Pendant ce temps, l’interminable révision des contrats miniers, amorcée en 2007, a débouché sur des conflits juridiques qui pourraient inhiber les investisseurs occidentaux. Épisode le plus emblématique : la résiliation en août 2009 du permis de la firme canadienne First Quantum Minerals (FQM) sur les terrils de Kingamyambo Musonoi Tailings (KMT), au moment même où la production aurait dû démarrer à hauteur 70 000 tonnes de cuivre par an. Cette affaire oppose aussi à Kinshasa les deux partenaires institutionnels de FQM, la Société financière internationale (SFI), filiale de la Banque mondiale, et la sud-africaine Industrial Development Corporation (IDC). Gênant.
Société cache-sexe
Depuis, le conflit a dégénéré. En janvier 2010, le gouvernement s’est empressé d’octroyer la concession à la société écran offshore Highwinds, inconnue au bataillon, cache-sexe du sulfureux diamantaire israélien Dan Gertler, à qui un rapport parlementaire congolais (voir AA 56) attribue la ruine de la compagnie diamantifère Minière de Bakwanga. En février, les choses ont empiré avec la saisie – annoncée, ô sacrilège, par FQM durant la grand-messe annuelle de l’industrie minière Indaba en Afrique du Sud –, de la Chambre de commerce internationale (CCI) de Paris.
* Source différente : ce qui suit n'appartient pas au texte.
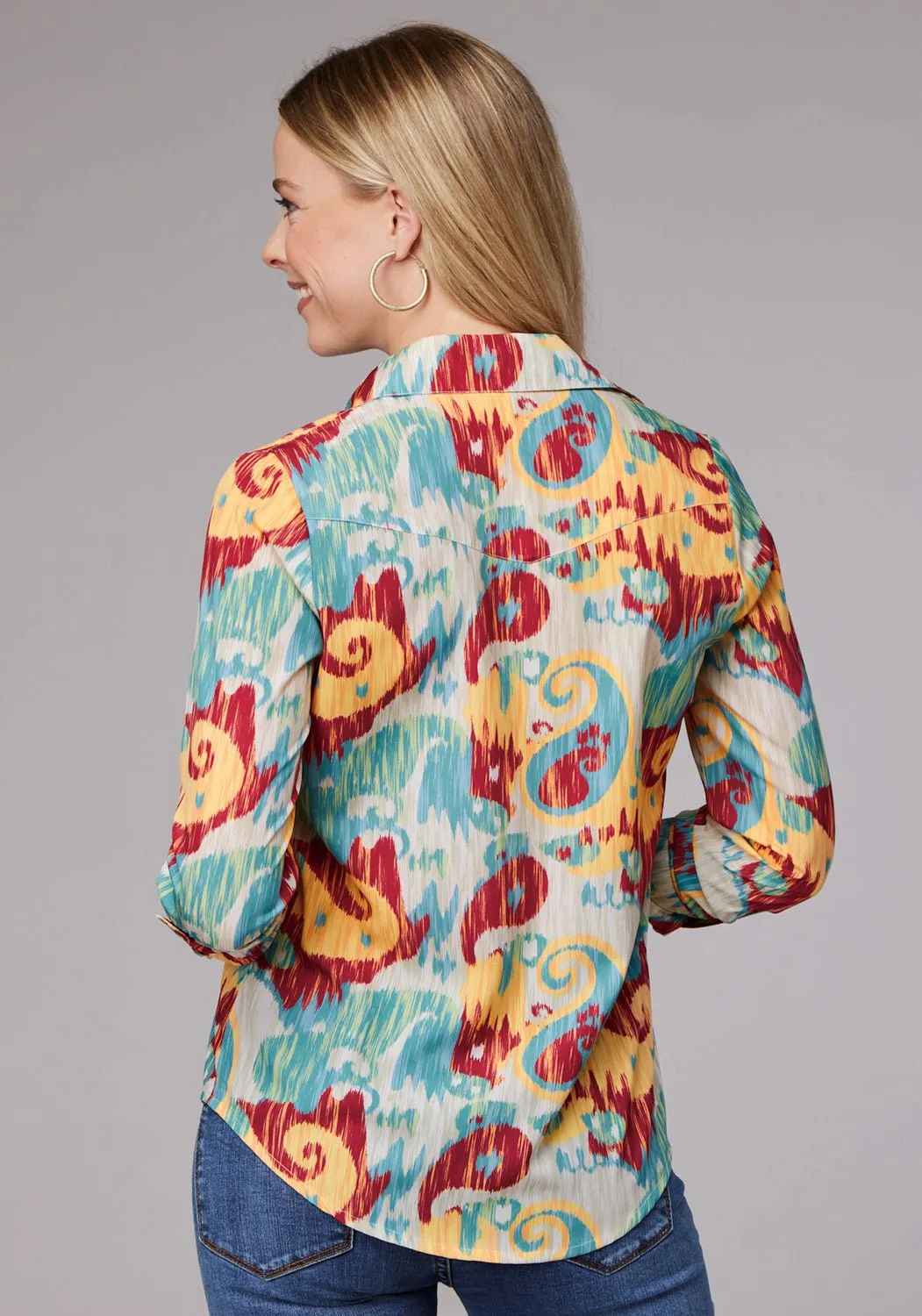 Reinforced Elbow Patches Roper Womens Ikat Paisley Print Multi-Color 100% Polyester L/S Shirt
Celle-ci, dans un arrêt daté du 19 août 2010, a interdit à la RDC de transférer le permis en cause, dans l’attente d’une décision définitive. Mais dès le lendemain, bravant l’arrêt de la CCI, un nouvel acteur annonçait avoir racheté la majorité des parts de la société Camrose de Gertler, véritable propriétaire de Highwinds, et l’Eurasian Natural Resources Corporation du milliardaire kazakh Patokh Chodiev.
Qui plus est, le gouvernement congolais a autorisé un autre transfert. Après le retrait en mai par la Cour suprême des permis de Frontier et de Comisa – également propriétés de FQM –, pourtant déjà en exploitation, on a appris début septembre qu’ils seraient exploités par une joint-venture créée par la société d’État Sodimico et le groupe China Fortune Holdings, de Hong-Kong. Mais le PDG de First Quantum, Philip Pascall, a menacé aussitôt de recourir à l’arbitrage d’une autre instance : le Centre international pour le règlement des différends sur l’investissement de Washington. De son côté, le ministre congolais des Mines, Martin Kabwelulu, a justifié la révocation des licences de FQM sous prétexte qu’elles étaient « illégales » et que ses dirigeants seraient impliqués dans des « malversations ». Quant à la Banque mondiale, elle a décidé de suspendre un projet d’appui au secteur minier congolais. Bref, c’est l’escalade. Et la montée des difficultés entre Kinshasa et les bailleurs de fonds occidentaux. Déjà, en juillet, le gouvernement d’Ottawa s’est opposé, lors du sommet du G20, à l’allègement de la dette congolaise dans le cadre de l’initiative des pays pauvres très endettés (PPTE.)
Indiscutablement, la gestion du patrimoine minier congolais ne se fait pas dans la sérénité. À Kinshasa, l’opposition dénonce le « bradage » d’une participation de l’État, détenue à travers l’Office des mines d’or de Kilo-Moto, correspondant à 20 % du capital de la compagnie Kibali Goldmines. Le député du Mouvement de libération du Congo, Fidèle Babala, reproche à la ministre du Portefeuille, Jeannine Mabunda, d’avoir donné son aval à la vente de ces parts aux compagnies AngloGold Ashanti et Randgold, pour seulement 113 millions de dollars. Alors que, selon lui, les réserves dépasseraient 28 millions d’onces, représentant une valeur de 30 milliards. L’État aurait donc subi un préjudice de plusieurs milliards de dollars, accuse Babala. « Faux », rétorque la ministre, qui souligne que seules les réserves certifiées (soit 5,5 millions d’onces) et non des réserves potentielles ont été prises en compte pour la transaction. Même si on applique ce critère, il y a au minimum un manque à gagner pour l’État de plusieurs centaines de millions de dollars, rétorquent ses détracteurs.